Maybe I'm an idiot, but I've never been able to get a fully browseable local version when using wget and I've tried it multiple times with multiple options.

JohnWayne'sImpactedFeces · Oct 15, 2022

notafederalagent said:
Maybe I'm an idiot, but I've never been able to get a fully browseable local version when using wget and I've tried it multiple times with multiple options.

You may find this helpful.
Spider Websites with Wget - 20 Practical Examples

Flatline · Oct 15, 2022

notafederalagent said:
Maybe I'm an idiot, but I've never been able to get a fully browseable local version when using wget and I've tried it multiple times with multiple options.

Did you run the wget command with the -k flag? That'll give you local links to whatever page you're downloading.

notafederalagent · Oct 15, 2022

Flatline said:
Did you run the wget command with the -k flag? That'll give you local links to whatever page you're downloading.

I just gave it a try with this command:

Code:

wget --mirror --convert-links --adjust-extension --page-requisites --no-parent https://www.friendsofcheese.com/

Walked away 20 minutes and came back to endless scrolls of things like this:

The destination name is too long (1996), reducing to 236
--2022-10-16 00:57:26-- https://www.friendsofcheese.com/sho...d=6?category_id=6?category_id=6?category_id=6
Reusing existing connection to www.friendsofcheese.com:443.
HTTP request sent, awaiting response... 200 OK
Length: unspecified [text/html]
Saving to: ‘www.friendsofcheese.com/shop.php?category_id=6?category_id=6?category_id=6?category_id=6?category_id=6?category_id=6?category_id=6?category_id=6?category_id=6?category_id=6?category_id=6?category_id=6?category_id=6?category_id=6?category_id=6?category_id=6?cat.html’
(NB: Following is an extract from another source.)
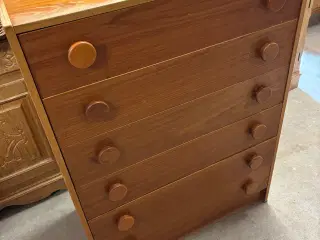 Ældre kommode i teak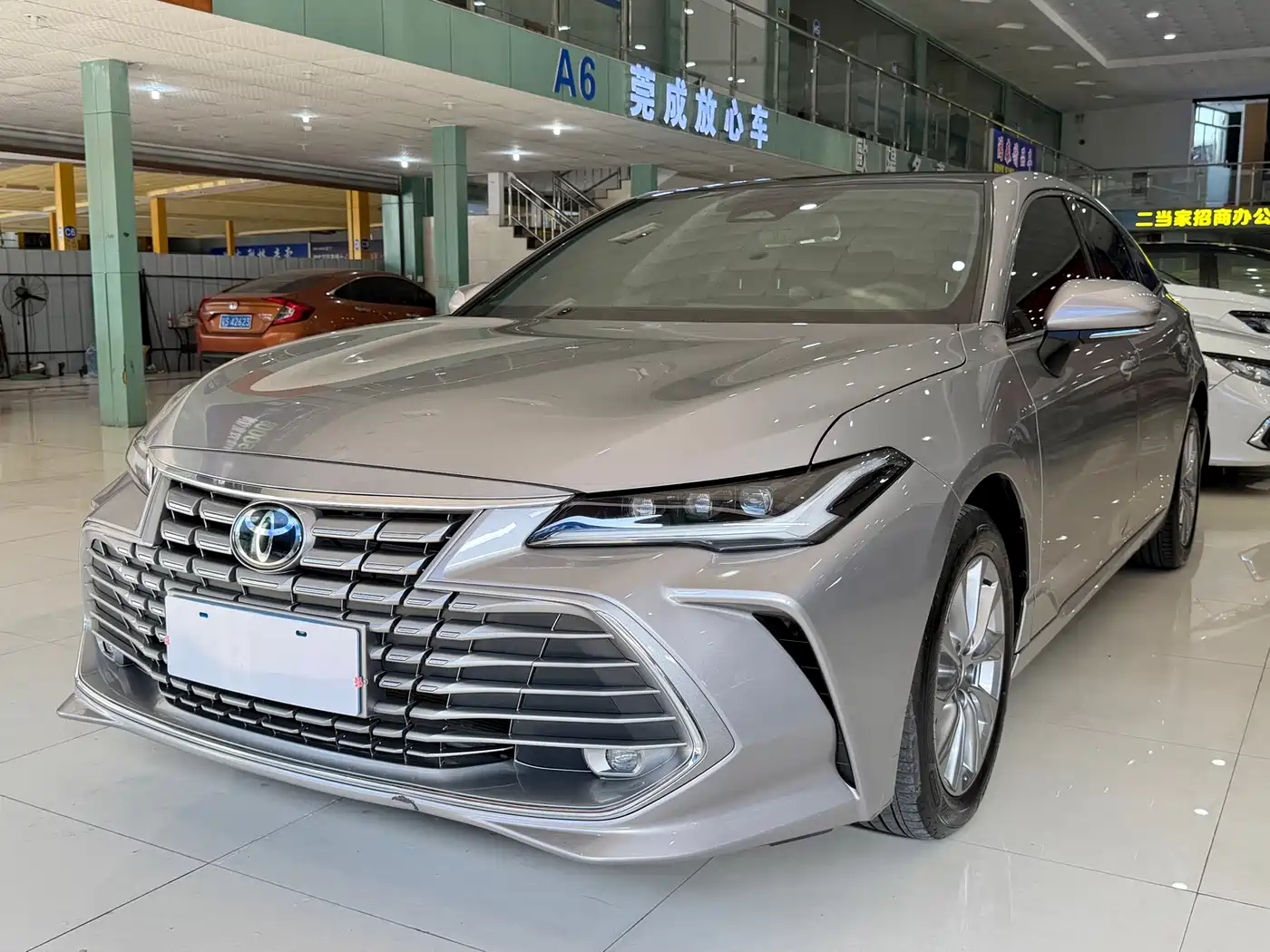 Toyota Avalon 2024 Model 2.0L Premium Selection Edition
Ran httrack and it mirrored it fine.

Artificial Stupidity · Oct 16, 2022

Reusing existing connection to www.friendsofcheese.com:443.
HTTP request sent, awaiting response... 200 OK

Website:443 is SSL so I'd imagine it won't handshake without creds

Is there a multi-archiver ? Skizo & delicious

Cytotoxic Positivity · Nov 6, 2022

All the tools for archiving Instagram seem to be gone/no longer supported. It is possible my boomer brain is missing something? Any help would be appreciated. I have a pet incel alphacuck whom I'd like to submit to Proving Grounds, but I'm internet retarded. Please take pity on me and advise.

GenociderSyo · Nov 6, 2022

Cytotoxic Positivity said:
All the tools for archiving Instagram seem to be gone/no longer supported. It is possible my boomer brain is missing something? Any help would be appreciated. I have a pet incel alphacuck whom I'd like to submit to Proving Grounds, but I'm internet retarded. Please take pity on me and advise.

save-insta, storysaver, inflact, etc. Lots of tools exist still. Some even support private instagram.

ducktales4gameboy · Nov 9, 2022

ducktales4gameboy said:
May have missed it in my 15 page skim, but does anyone know if there's a script around to rip Fandom wikis? There are quite a few games where the only comprehensive guide is a legacy wiki migrated to Fandom and I don't trust them to not nuke everything nonprofitable or unmaintained eventually.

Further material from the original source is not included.